How do I figure out where things went wrong in this parallel code?

question
debug
parallel

#1

I have the following code (simplified) that I run in a julia -p 4 REPL:

println("computing betweenness centrality - method1")
rbc1 = @spawn betweenness_centrality(g, ...)

println("computing betweenness centrality - method2")
rbc2 = @spawn betweenness_centrality(g, ...) # some other set of params

...

bc1 = fetch(rbc1)
bc2 = fetch(rbc2)

and in the middle of this, I get

julia> cdict = compute_centralities("myfile.csv");
computing betweenness centrality - method1
computing betweenness centrality - method2
fatal error on
julia> 

That’s it. No other error text. During the computation I see expected the CPU load, and I’m not running out of memory. The code runs fine serially (but it takes a long time, which is why I’d like to parallelize it).
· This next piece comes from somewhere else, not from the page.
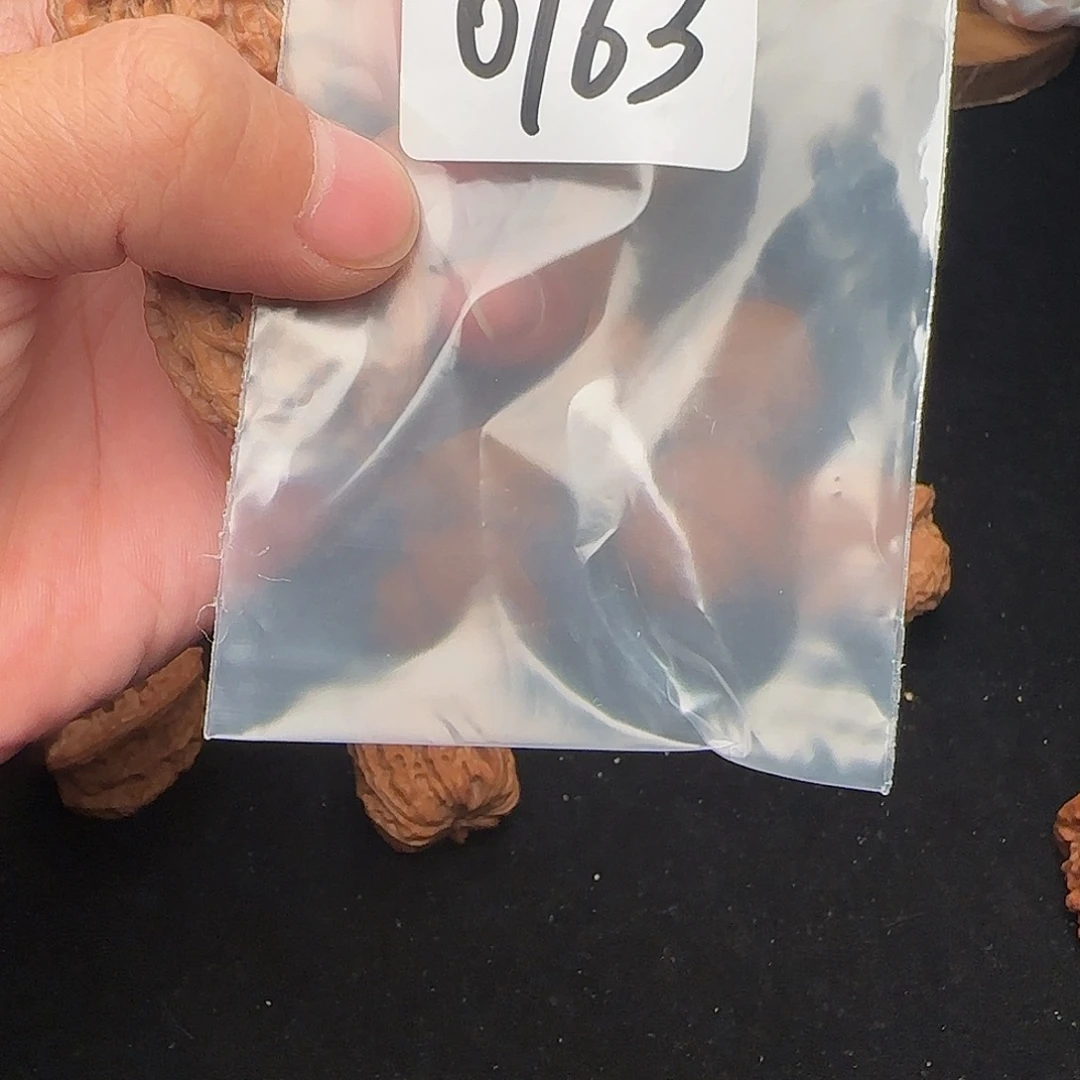 秋***吹把件文玩核桃0163全品38马老四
How do I troubleshoot this?

Edited to add:

Julia Version 0.6.0-pre.beta.325
Commit 6e0a2f8c94 (2017-04-25 14:57 UTC)
Platform Info:
  OS: macOS (x86_64-apple-darwin16.5.0)
  CPU: Intel(R) Core(TM) i5-6267U CPU @ 2.90GHz
  WORD_SIZE: 64
  BLAS: libopenblas (USE64BITINT DYNAMIC_ARCH NO_AFFINITY Haswell)
  LAPACK: libopenblas64_
  LIBM: libopenlibm
  LLVM: libLLVM-3.9.1 (ORCJIT, skylake)

#2

Can you post a link to the code that is called?


#3

The betweenness centrality? It’s standard LightGraphs.


#4

Do you get the full output if you don’t run the code in the repl?

One alternative is to attach gdb to the started processes (or even better rr from mozilla) to see what happens.